The way they're going to do it then is they're going to just basically have a service fee for the miners who come in.
You're not going to get new bitcoins, you get what I'm saying?
You're just going to get Whatever, a transaction in already created Bitcoin for doing the servicing, just to make sure the ledger's legit.
But what's fascinating about this is I thought about it.
So I was having this conversation about Bitcoin.
This guy's super smart, I was talking to him.
I was thinking of an old Milton Friedman line he uses often when he talks about inflation, how bad money will always chase out good money over time, and that's why inflation is so dangerous.
So if you're one of the first investors in, say, a currency, Joe, and let's say that currency's worth something, right?
Let's say you invest in this new metal...
You know, strontonium.
I'm just making that up.
Sounds good.
What's the Superman thing?
Kryptonite?
Kryptonite.
Yeah, you invest in kryptonite, and they mine kryptonite, and kryptonite's gonna be used for currency because it's so rare and people are like, oh, I gotta get my hands on this kryptonite, and a block of kryptonite's worth $10,000.

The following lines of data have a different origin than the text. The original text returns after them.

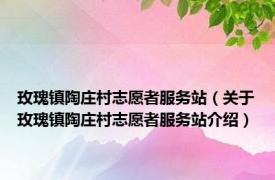 玫瑰镇陶庄村志愿者服务站（关于玫瑰镇陶庄村志愿者服务站介绍）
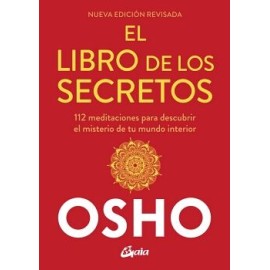 LIBRO DE LOS SECRETOS, EL. 112 MEDITACIONES PARA DESCUBRIR EL MISTERIO DE TU MUNDO INTERIOR (NUEVA EDICIÓN)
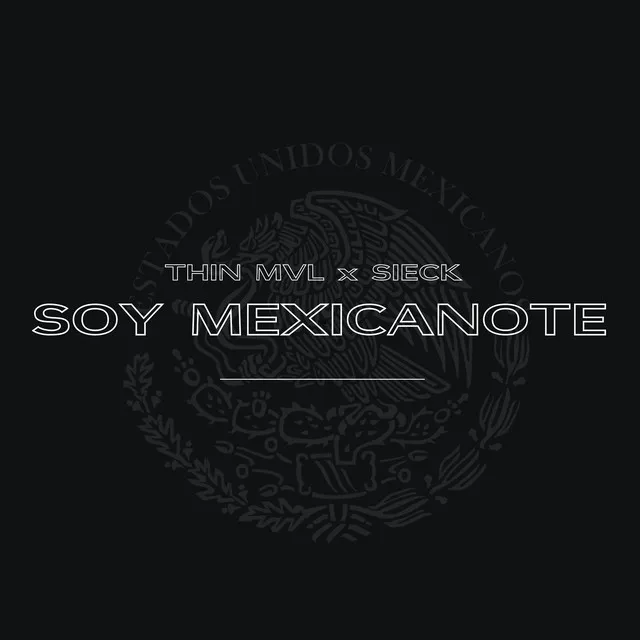 Soy Mexicanote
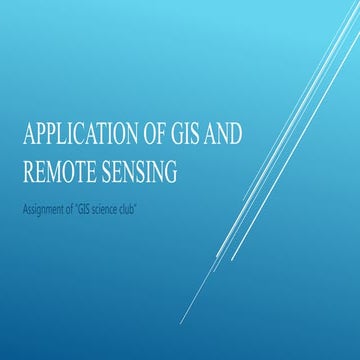Application of GIS and Remote Sensing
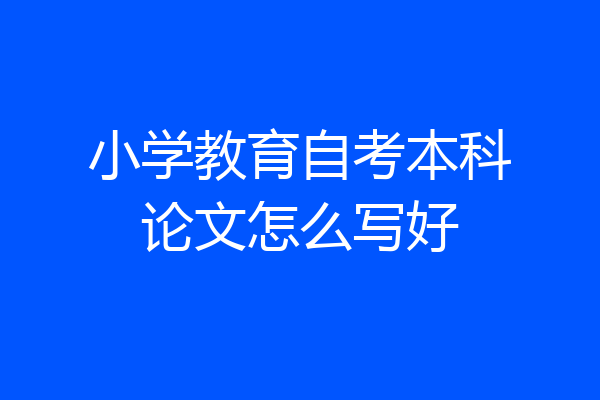小学教育自考本科论文怎么写好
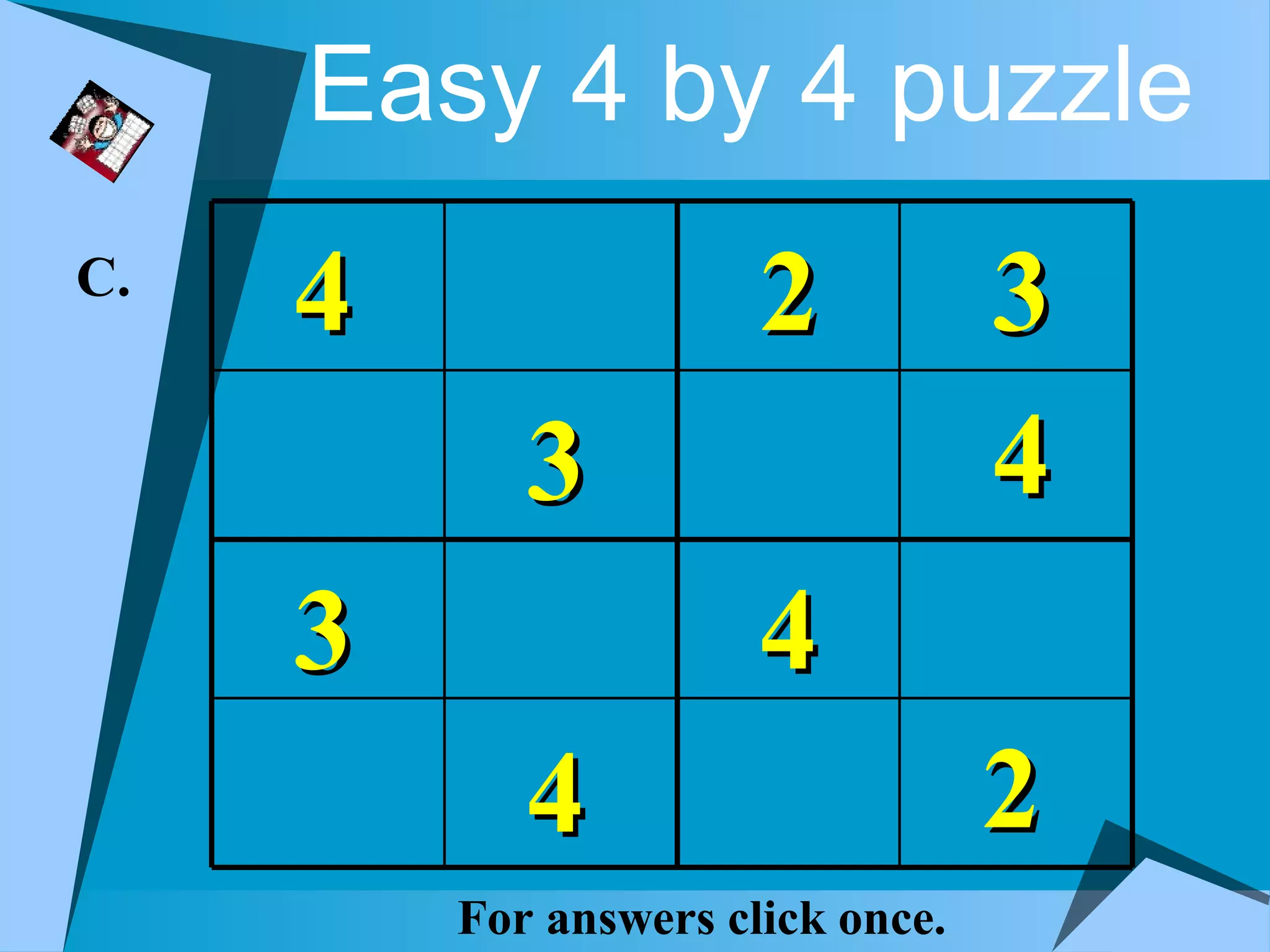 Easy 4 by 4 puzzle
C.
     4                 2           3
            3                      4
     3                 4
            4                      2
         For answers click once.
 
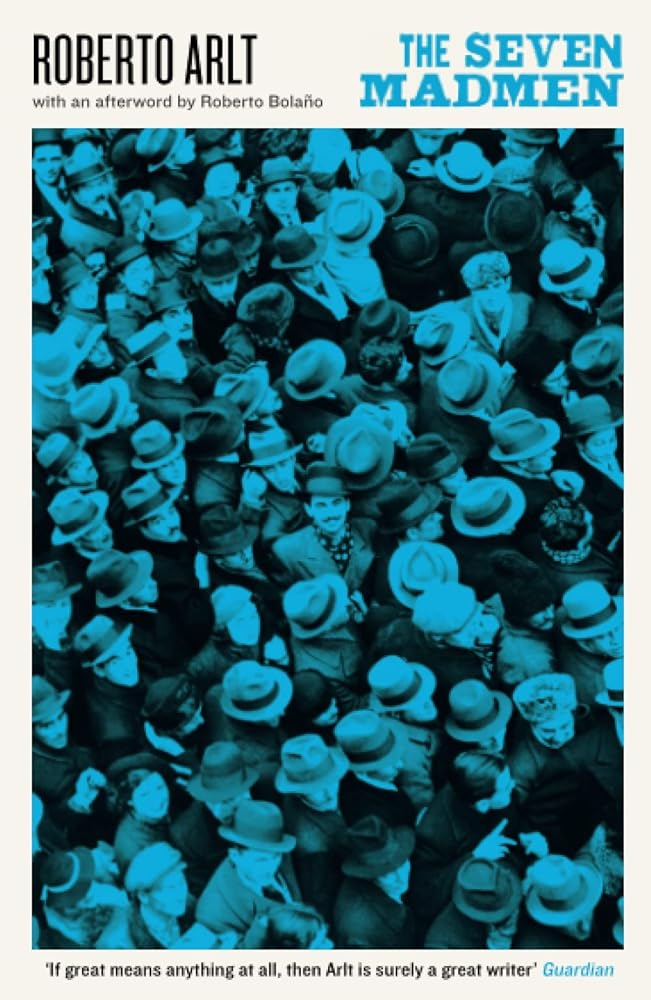 The Seven Madmen (Serpent's Tail Classics) cover image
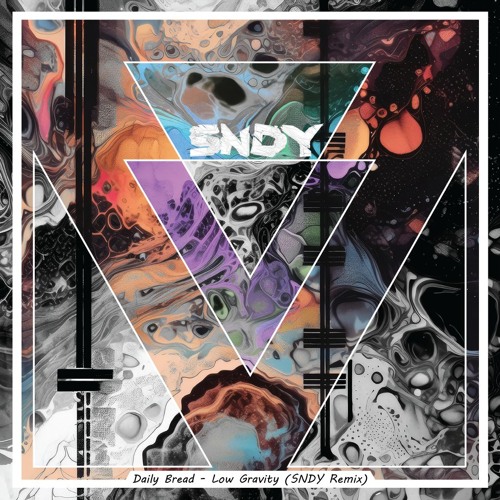 Daily Bread- Low Gravity (SNDY Remix)
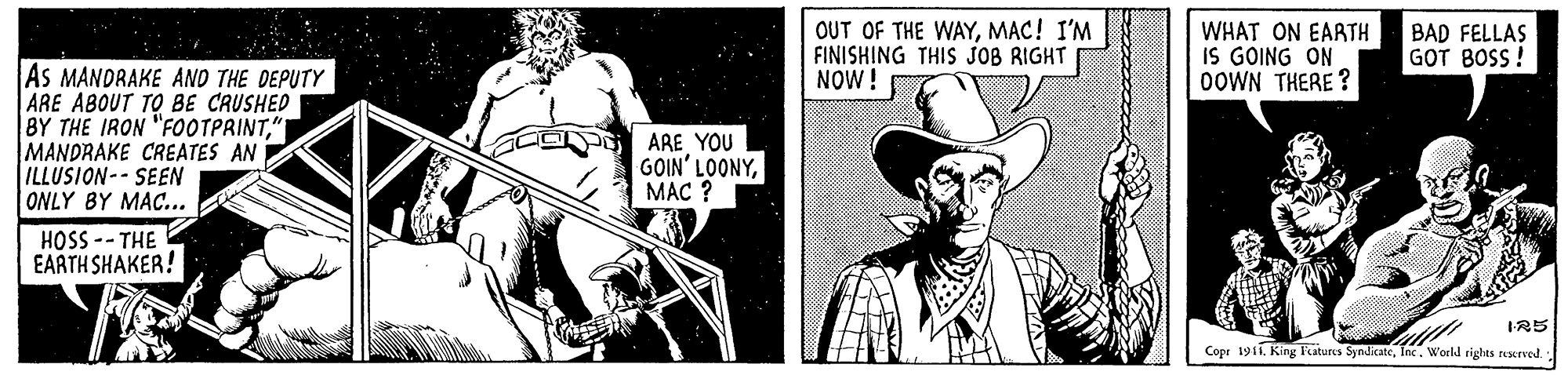Illustration OCR: OUT OF THE WAYMAC! I'M FINISHING THIS JOB RIGHT NOW! WHAT ON EARTH IS GOING ON OOWN THERE ? BAD FELLAS GOT BOSS ! As MANDRAKE AND THE DEPUTY ARE ABOUT TO BE CAUSHED BY THE IRON "FOOTPRINT" MANDRAKE CREATES AN ILLUSIONSEEN ONLY BY MAC... ARE YOU GOIN' LOONYMAC ? HOSS -- THE EARTH SHAKER! IR5 Cope 1911. King Fatures SyndkateInc. World rights rusered. OUT OF THE WAYMAC! I'M FINISHING THIS JOB RIGHT NOW! WHAT ON EARTH IS GOING ON OOWN THERE ? BAD FELLAS GOT BOSS ! As MANDRAKE AND THE DEPUTY ARE ABOUT TO BE CAUSHED BY THE IRON "FOOTPRINT" MANDRAKE CREATES AN ILLUSIONSEEN ONLY BY MAC... ARE YOU GOIN' LOONYMAC ? HOSS -- THE EARTH SHAKER! IR5 Cope 1911. King Fatures SyndkateInc. World rights rusered.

Well, Friedman used to say, you know, bad money always chases out good money, meaning that may legitimately be worth about $10,000 in value.
That's a pound of kryptonite when you start, Joe.
But let's say tomorrow morning.
You know, all of a sudden people figure out a way to counterfeit kryptonite, right?
All of a sudden you see this kryptonite, not many people can tell the difference, now kryptonite's being traded that's counterfeit, people find out there's a counterfeit problem, next thing you know, the amount of kryptonite, the value collapses.
Of kryptonite, because people don't trust the currency, that was Friedman's way of saying, you know, bad money in the end to counterfeit kryptonite.
Will always chase out good money.
He gave some more complicated examples about tobacco, how tobacco used to be used as a form of currency, Joe.
Yeah.
So what, tobacco farmers would naturally want to give away their worst tobacco.
So as it became a more accepted form of currency, tobacco, using tobacco like we would use dollars to trade, farmers who farm tobacco would want to give away their crap tobacco for your whatever, your good wine products or whatever it is.
So bad money always chases out good money.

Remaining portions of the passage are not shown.